> [Input data]:
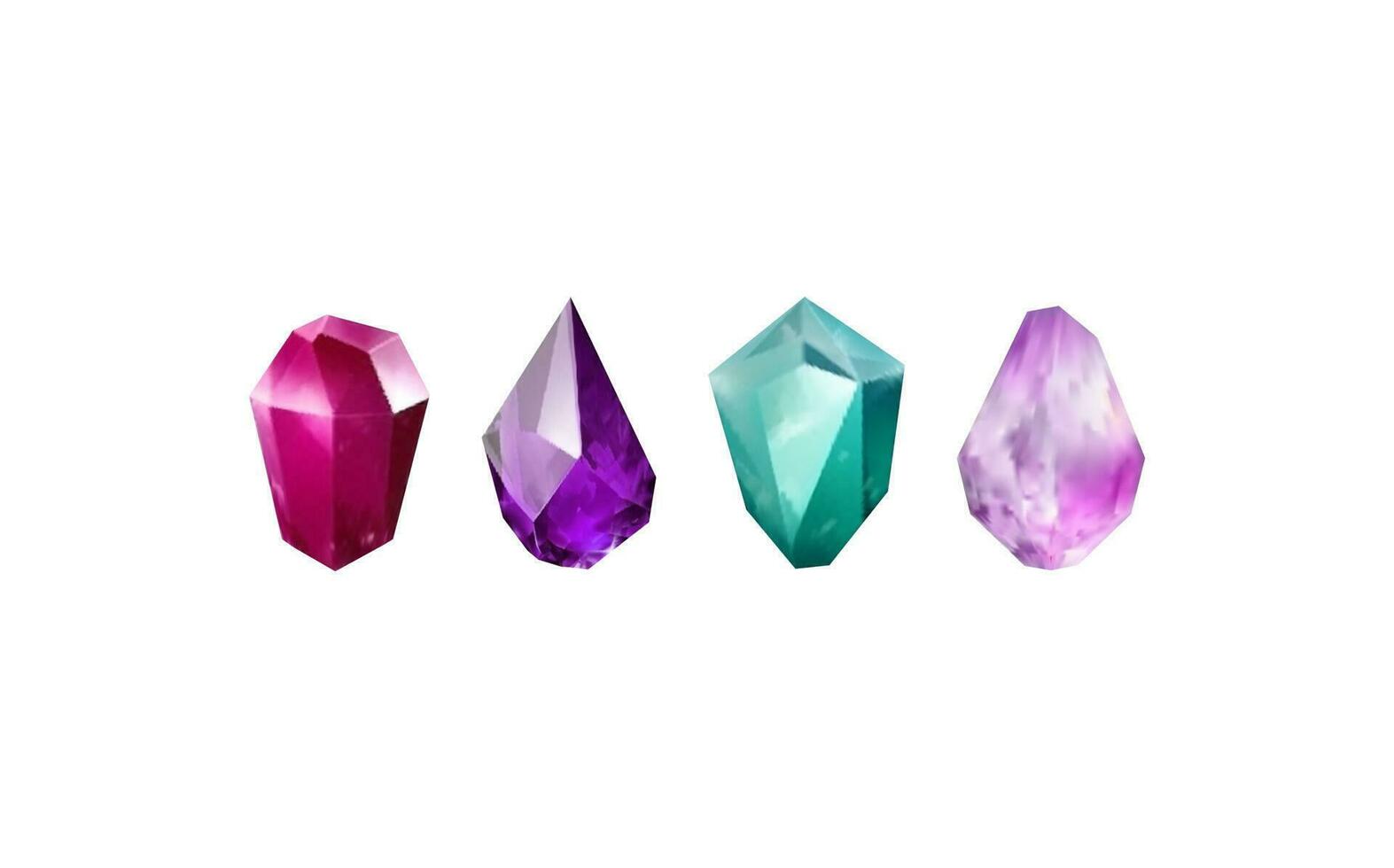 A collection of images of diamonds of various geometric shapes, colors and sizes.Glass shiny crystals with different shades reflecting light.Vector realistic set of glow gemstone or colorful ice. vector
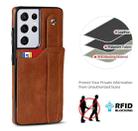For Samsung Galaxy S21 Ultra 5G Crazy Horse Texture Shockproof TPU + PU Leather Case with Card Slot & Wrist Strap Holder(Brown) - 6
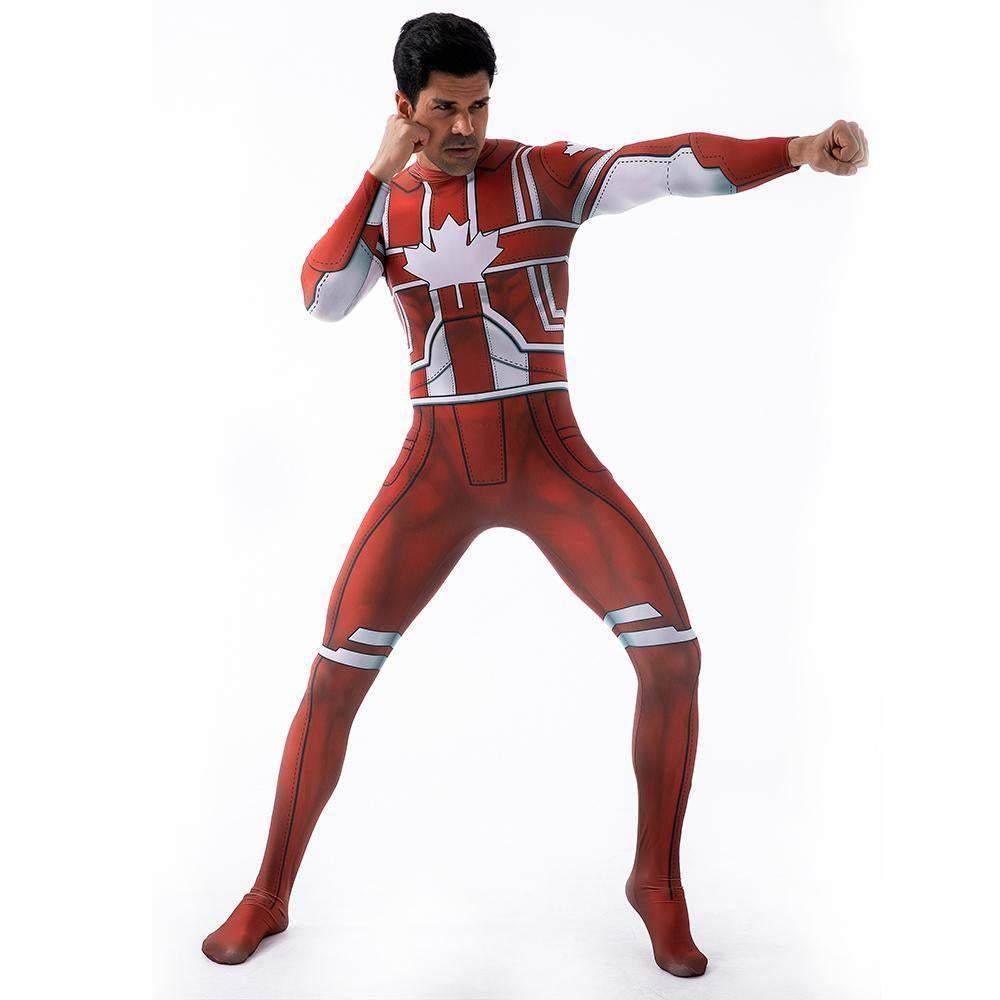 Captain Canuck Cosplay Costumes Jumpsuit Superhero Halloween Tights Zentai For Adult Kids - Azufun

> [Work to complete]:
Copy the listing exactly. No images belong in the copy.

> [Response to this task]:
 A collection of images of diamonds of various geometric shapes, colors and sizes.Glass shiny crystals with different shades reflecting light.Vector realistic set of glow gemstone or colorful ice. vector
For Samsung Galaxy S21 Ultra 5G Crazy Horse Texture Shockproof TPU + PU Leather Case with Card Slot & Wrist Strap Holder(Brown) - 6
 Captain Canuck Cosplay Costumes Jumpsuit Superhero Halloween Tights Zentai For Adult Kids - Azufun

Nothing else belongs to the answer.